Eye on Lansing: Thirst quencher ? capitalizing on the California exodus

By Daniel Hager
Mackinac Center for Public Policy

Who was the big winner in the recent California elections?

Michigan, if it chooses to be. All it has to do is adopt sound policies toward business and acquire a common-sense understanding of its water.

California has long been lurching irresponsibly toward fiscal unsustainability. The election results indicate full speed ahead until the day of reckoning.

Business has served as beast of burden in this journey, loaded down with onerous environmental and employment regulations. A 2003 article in the magazine “Ideas on Liberty” noted California’s accelerating exodus of businesses even then. One departing manufacturer stated, “We just came to the point where it seemed riskier to stay in California than to leave.” His destination was Idaho.

The natural alternative locations are nearby. The primary beneficiaries of the flight from California are Nevada, Arizona and Utah. One of the nation’s fastest-growing metropolitan areas is St. George in business-friendly Utah’s far southwestern corner. Fifty years ago its population was about 5,000, and 30 years ago about 11,000. The latest figure is above 75,000 for the city itself with about as many people within commuting distance to the abundance of jobs there.

But the common disadvantage of all these attractive states is that they are deserts. Their populations depend mostly on river lifelines of water fed by remote precipitation in upstream highlands. The supply is always tenuous.

So California manufacturers, if you’re wary of moving to areas where you may face water shortages, consider Michigan. We have plenty of water.

It’s true that environmentalist campaigns about purported scarcities have zeroed in on water and even try to guilt-trip us for letting our faucets run while we brush our teeth. But their fictions aside, Michigan has a superabundance of water into the quadrillions of gallons.

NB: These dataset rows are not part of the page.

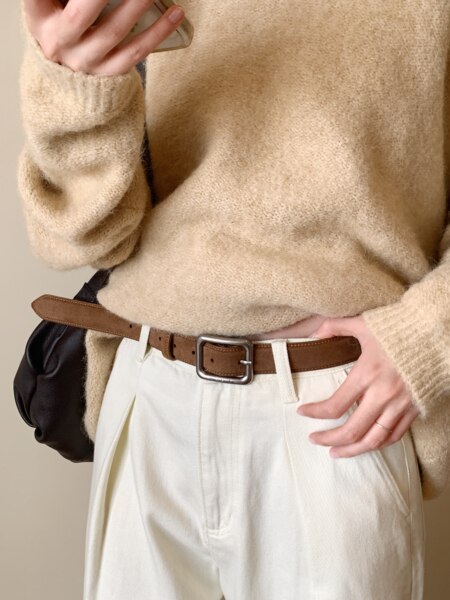 Model wearing a beige fuzzy sweater with white pants and a brown belt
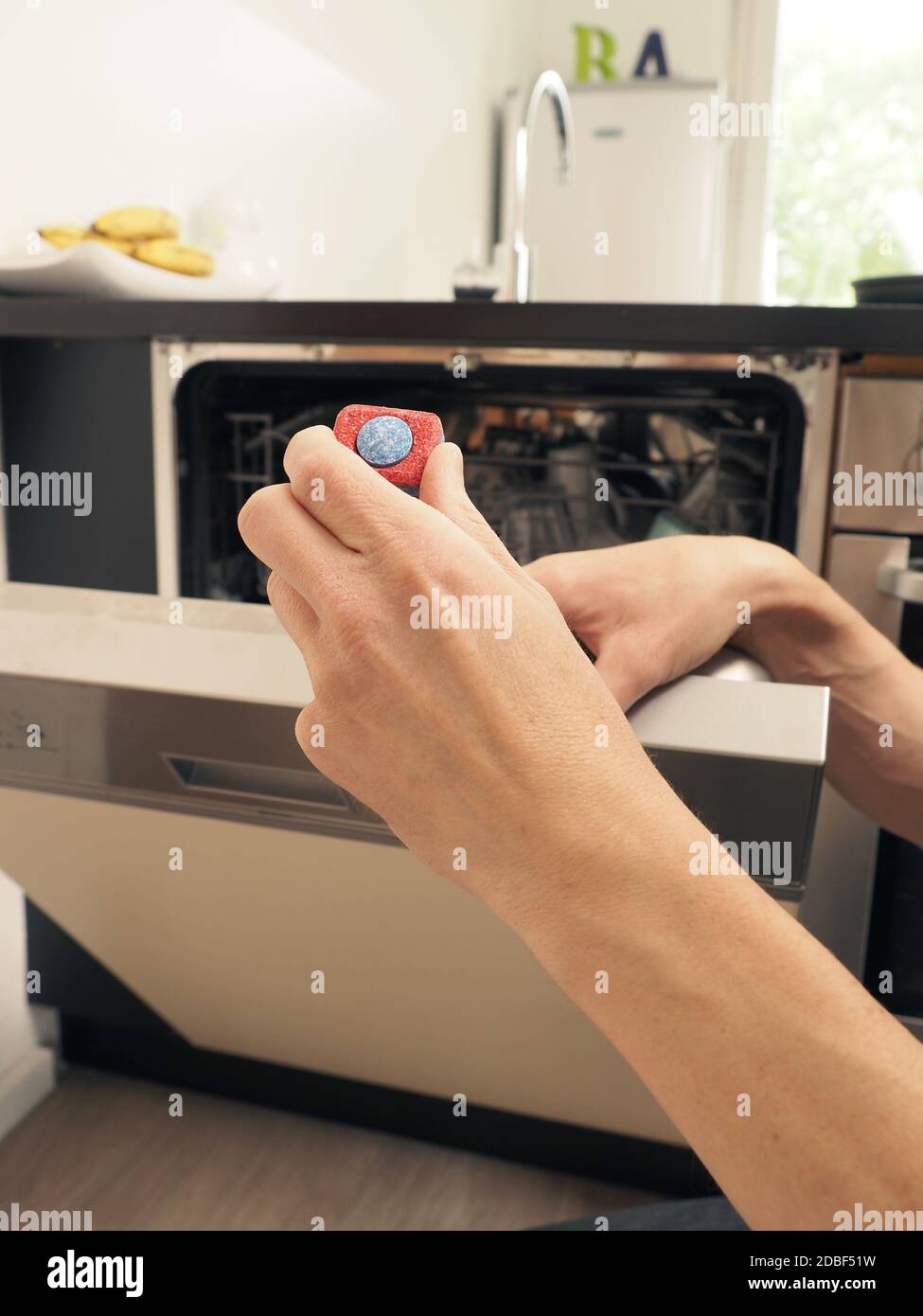 Un uomo di mezza età dota una lavastoviglie di una linguetta di pulizia, concetto di pulizia Foto Stock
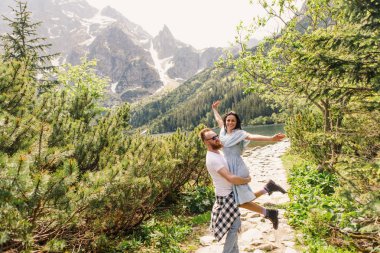 Norveç fiyordu sahili yakınındaki sarılma genç çift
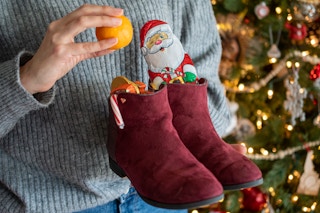 A person putting an orange into a shoe fulled with candy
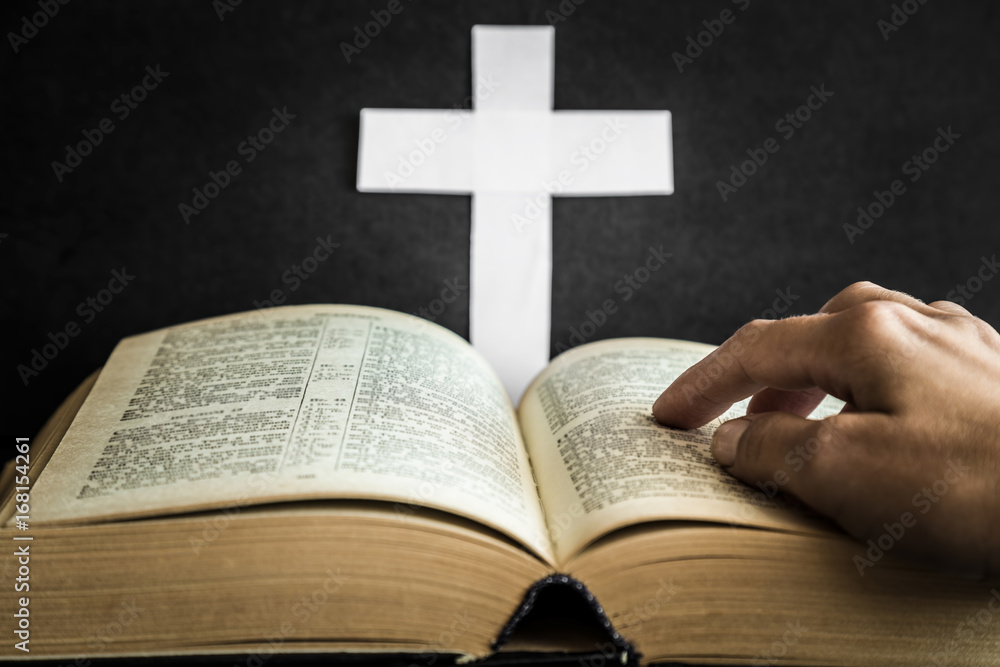 Opened bible in the quiet, dark atmosphere. Prayer time on sunday. Opened bible in the quiet, dark atmosphere. Prayer time on sunday.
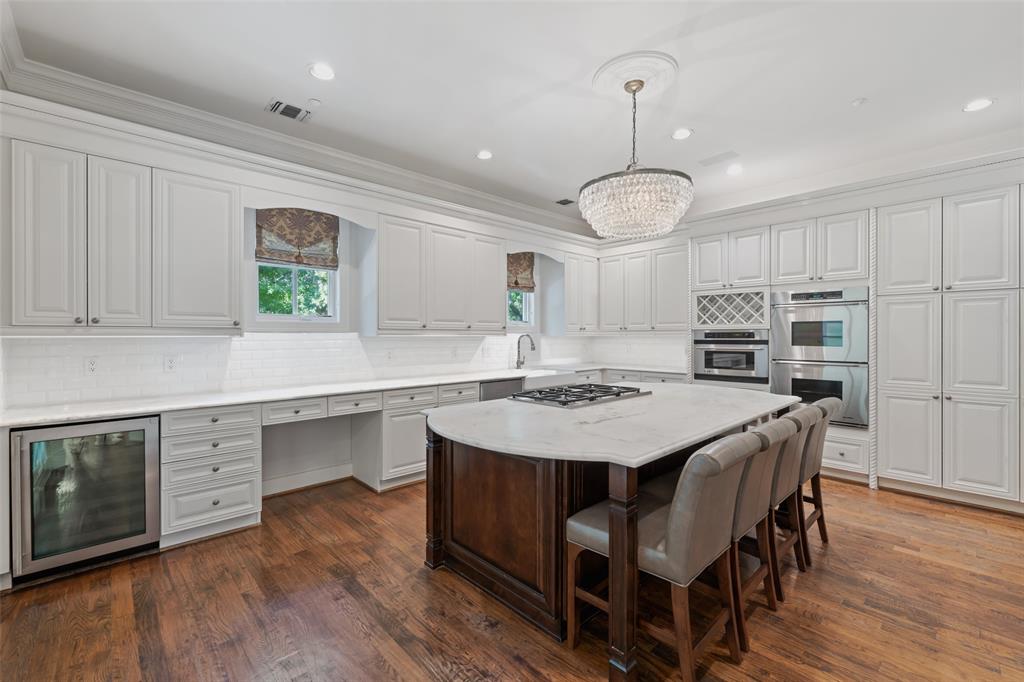 a view of a kitchen with a dining table chairs and wooden floor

One weapon in the scarcity assault is the misleading concept of “consumptive use.” To consume something is to use it up or destroy it. Fire consumes an object. A human consumes a meal and leaves an empty plate.

If we recall our grade-school science, however, we remember that water does not get consumed. It is part of the hydrologic cycle by which it is continually converted from one form to another, mostly from liquid to vapor and back to liquid again. It may vanish from sight through evaporation, but it exists nonetheless. It is not destroyed.

But “consumptive use” connoting “loss” plunges ahead in the hydrologic vocabulary nonetheless. It is potent artillery in the propaganda wars. The Great Lakes are said to be in peril because a population of 20 or 40 million or whatever “uses” its water at a daily per-capita rate of 50 or 100 gallons, so billions upon billions of gallons over time are claimed to be consumed - that is, “lost.”

Not true. Life forms are not consumers of water but processors. Plants take up water and transpire it or evaporate it into vapor to yield atmospheric fuel for the next round of precipitation. Animals also take in water and release it.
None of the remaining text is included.